Welche Vorbilder hatten Sie, die Magnum-Fotografen?


MAHLER: Natürlich. Aber für mich war es nicht möglich, als Reporterin zu arbeiten. In der DDR gab es nur drei Illustrierte mit fest angestellten Fotografen. Da kam ich nicht rein. Ich hätte Karriere machen können, wenn ich mich politisch engagiert hätte. Aber das kam nicht infrage, obwohl ich gerne nach Vietnam oder Chile gefahren wäre. 1990 stand plötzlich die Welt offen, und ich habe mich in die journalistische Fotografie gestürzt, die Modefotografie völlig vergessen. Die Redaktionen waren neugierig auf mich. Ich durfte zeigen, was ich kann. Ich habe viel für den „Stern“ gearbeitet und bin ständig gereist.
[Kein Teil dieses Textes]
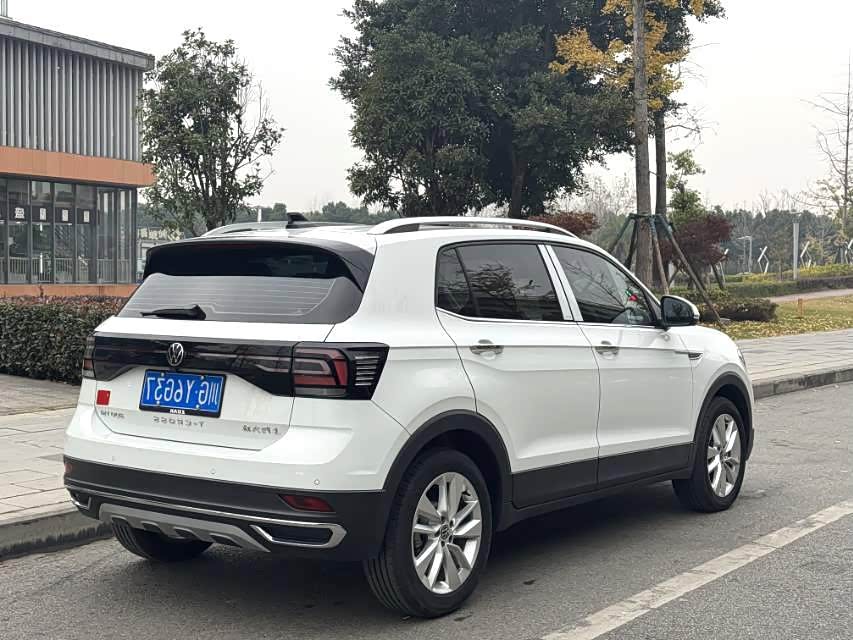 Volkswagen T-Cross 2024 car image #9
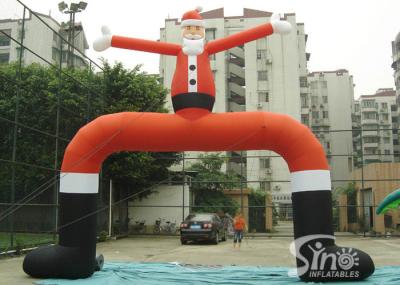 Natal grande exterior Papai Noel que anuncia o arco inflável para atividades
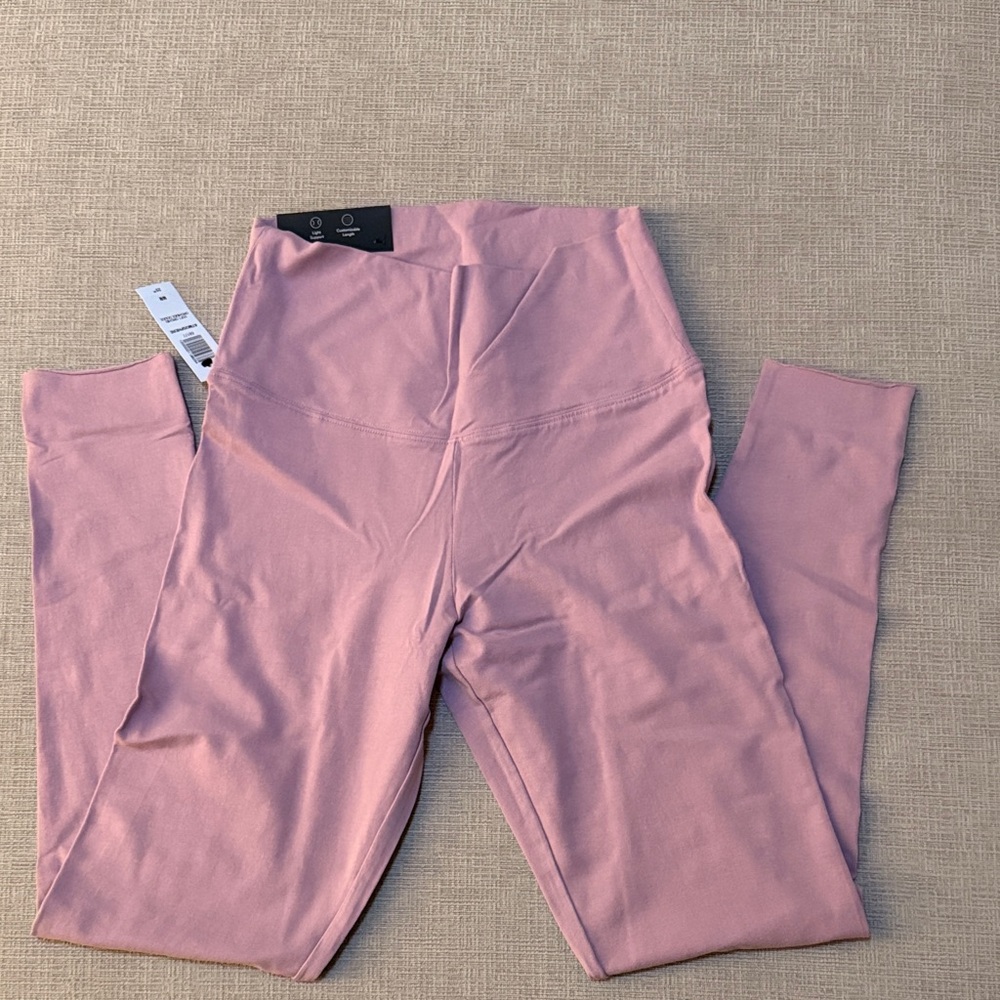 Aritzia TNA Chill Leggings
Ich fand es toll, nicht zu wissen, wo ich in drei Wochen bin. Aber es war auch schwer, denn ich war damals schon vierzig Jahre alt.

KOELBL: Das ist doch kein Alter! Ich bin mit 41 mit dem Greyhound-Bus durch Amerika gefahren und wusste am Morgen nie, wo ich am Abend schlafe.

MAHLER: 1990 fing für mich mein zweites Leben an. Die besten Bilder stammen aus dieser Zeit.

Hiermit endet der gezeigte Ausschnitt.